▶ WHAT TO WORK ON
Taking the data below, please print only the lines from the line holding "Pelote Creative fur print summer berries" to the line holding "８(eight)（エイト）の", inclusive, with pictures omitted.

[MATERIAL FOR THIS EXERCISE — start]

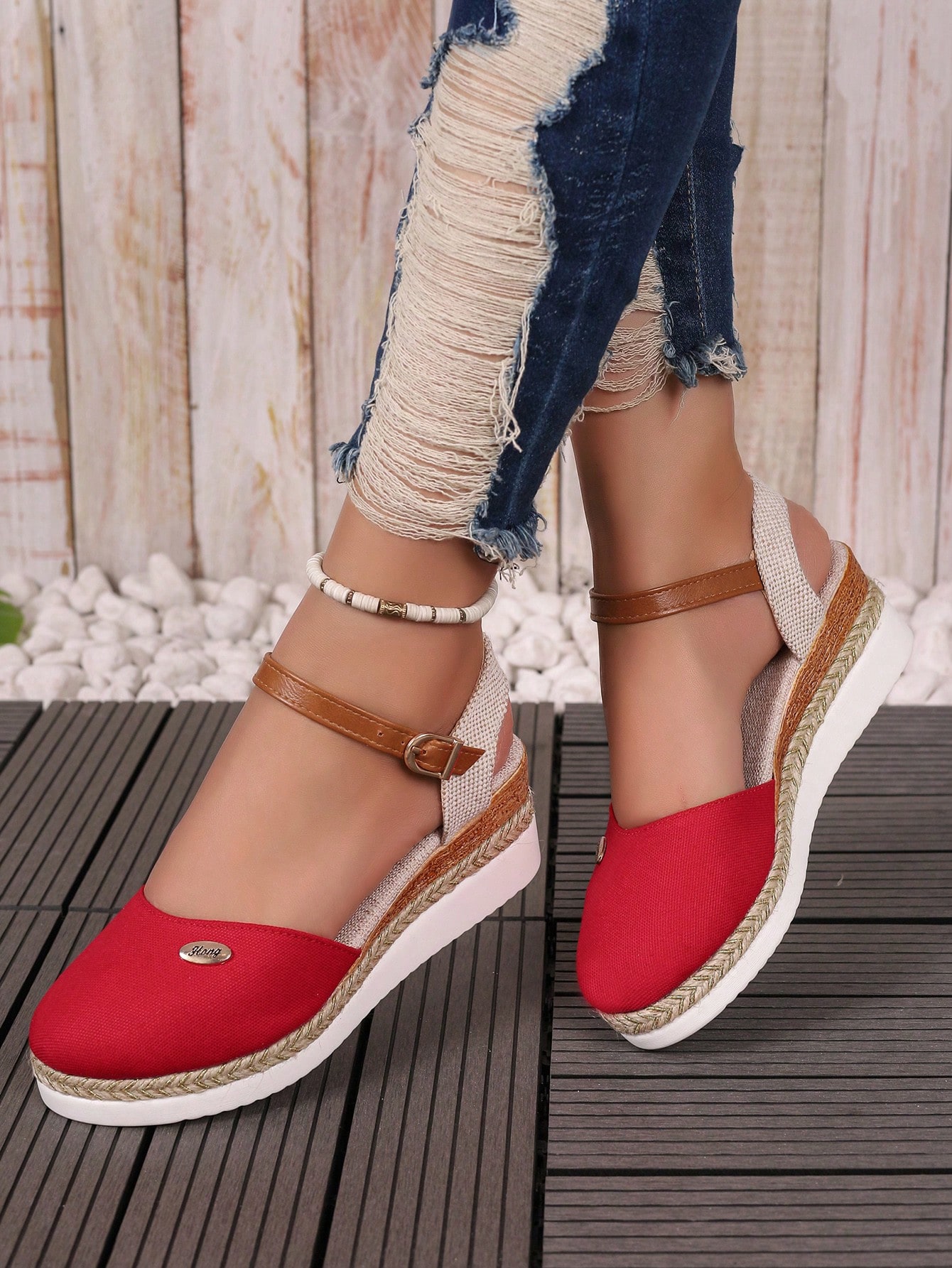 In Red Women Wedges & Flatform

[MATERIAL FOR THIS EXERCISE — finish]
[MATERIAL FOR THIS EXERCISE — start]

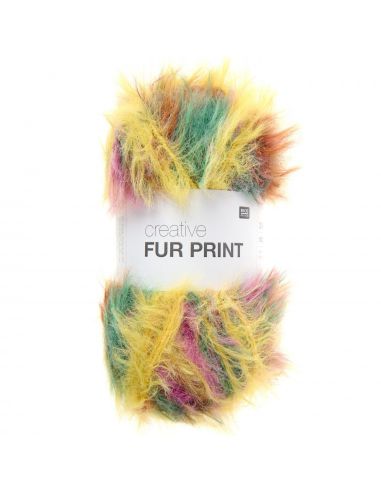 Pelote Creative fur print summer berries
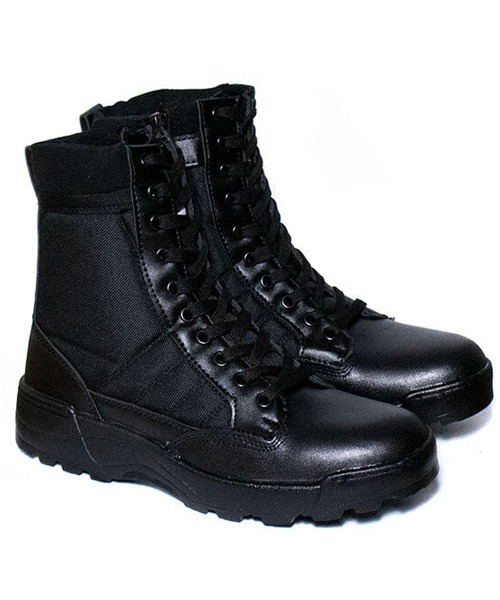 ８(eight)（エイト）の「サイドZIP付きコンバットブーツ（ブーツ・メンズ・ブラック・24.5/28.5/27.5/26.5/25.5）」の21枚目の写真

[MATERIAL FOR THIS EXERCISE — finish]

▶ THE COMPLETED TASK
 Pelote Creative fur print summer berries
 ８(eight)（エイト）の「サイドZIP付きコンバットブーツ（ブーツ・メンズ・ブラック・24.5/28.5/27.5/26.5/25.5）」の21枚目の写真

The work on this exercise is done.